▶ **DATA EXCERPT**:
'''

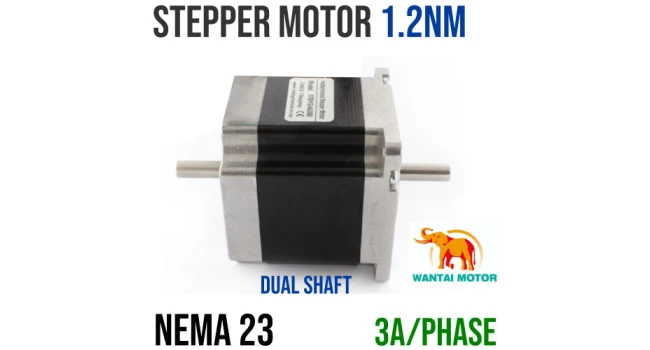 Stepper Motor 1.2Nm Dual Shaft NEMA23 3A per Phase Stepper Motor 1.2Nm Dual Shaft NEMA23 3A per Phase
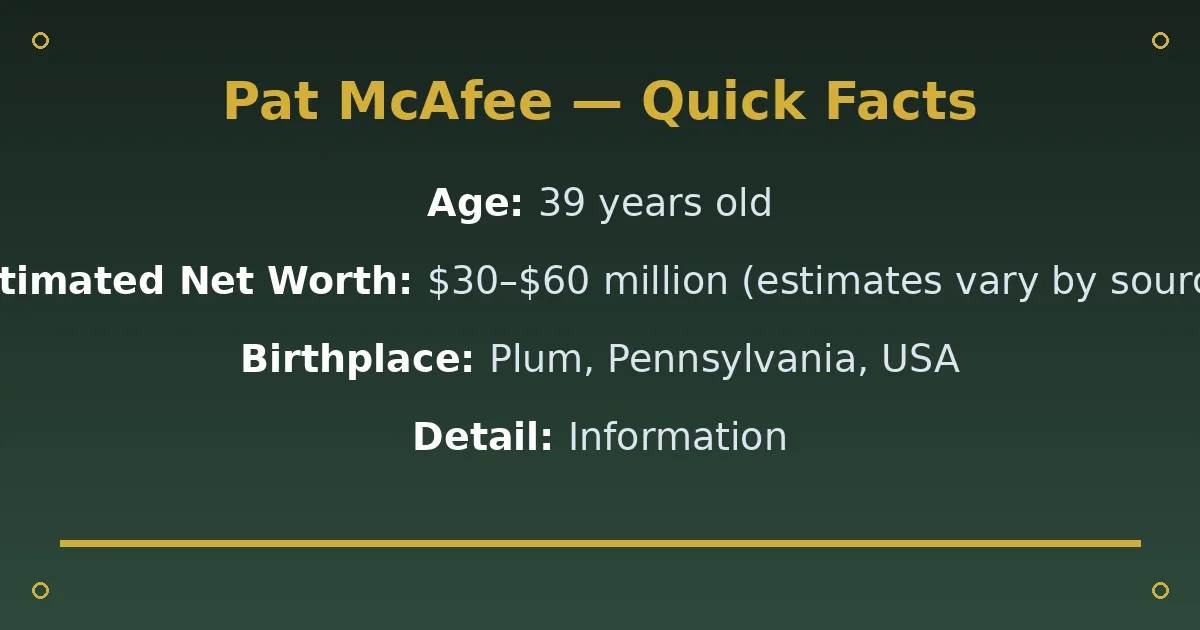 Pat McAfee Biography: Age, Wife, Net Worth & Career 2 Pat McAfee Biography: Age, Wife, Net Worth & Career quick facts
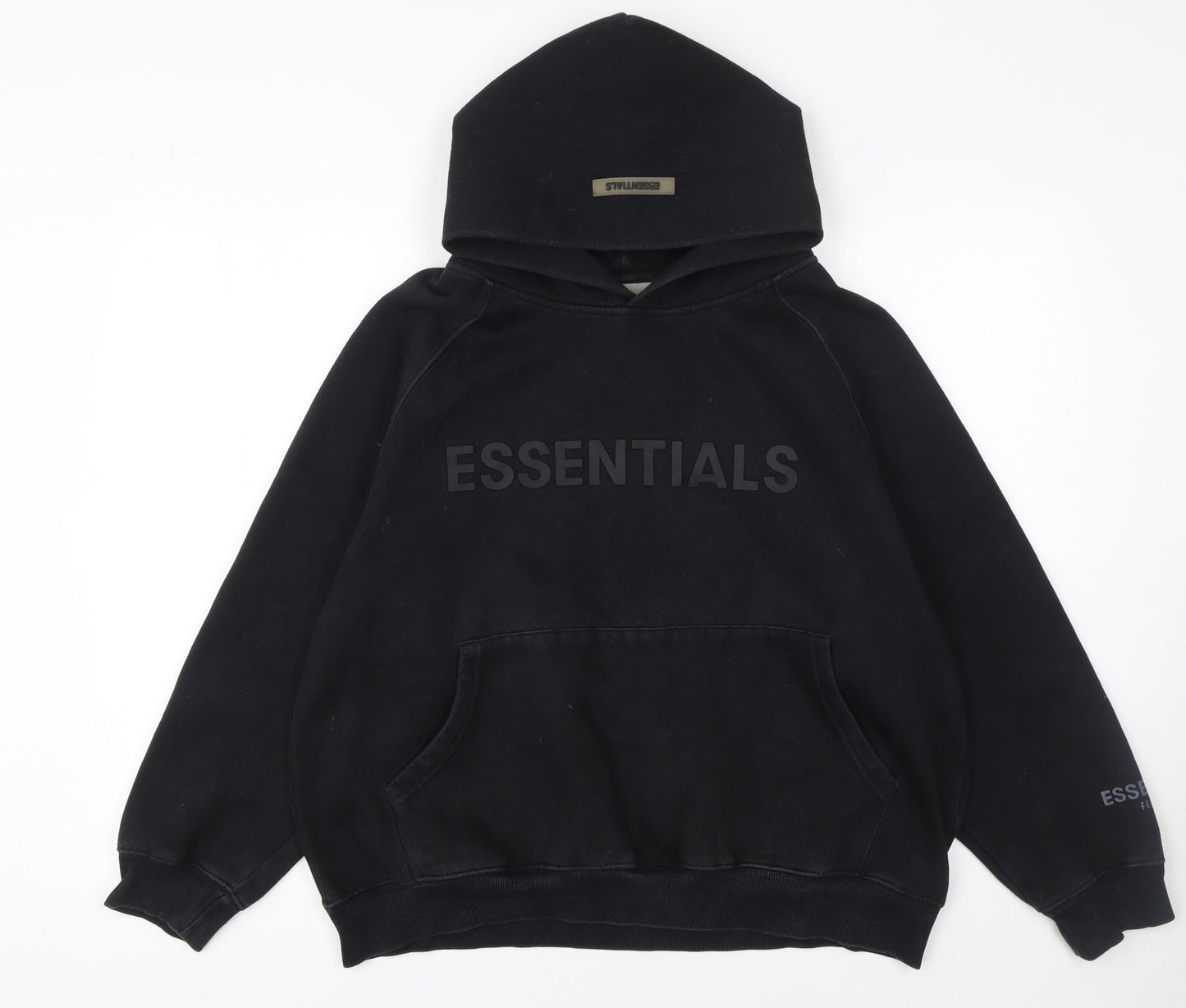 Fear of God Essentials Black Hoodie Women's S Cotton Pullover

'''

▶ **TASK DETAILS**:
With the pictures left out, output exactly the lines from the one with "Pat McAfee Biography: Age, Wife, Net Worth & Career 2" through the end of the listing above, both ends included.

▶ **RESPONSE TO THE TASK**:
 Pat McAfee Biography: Age, Wife, Net Worth & Career 2 Pat McAfee Biography: Age, Wife, Net Worth & Career quick facts
 Fear of God Essentials Black Hoodie Women's S Cotton Pullover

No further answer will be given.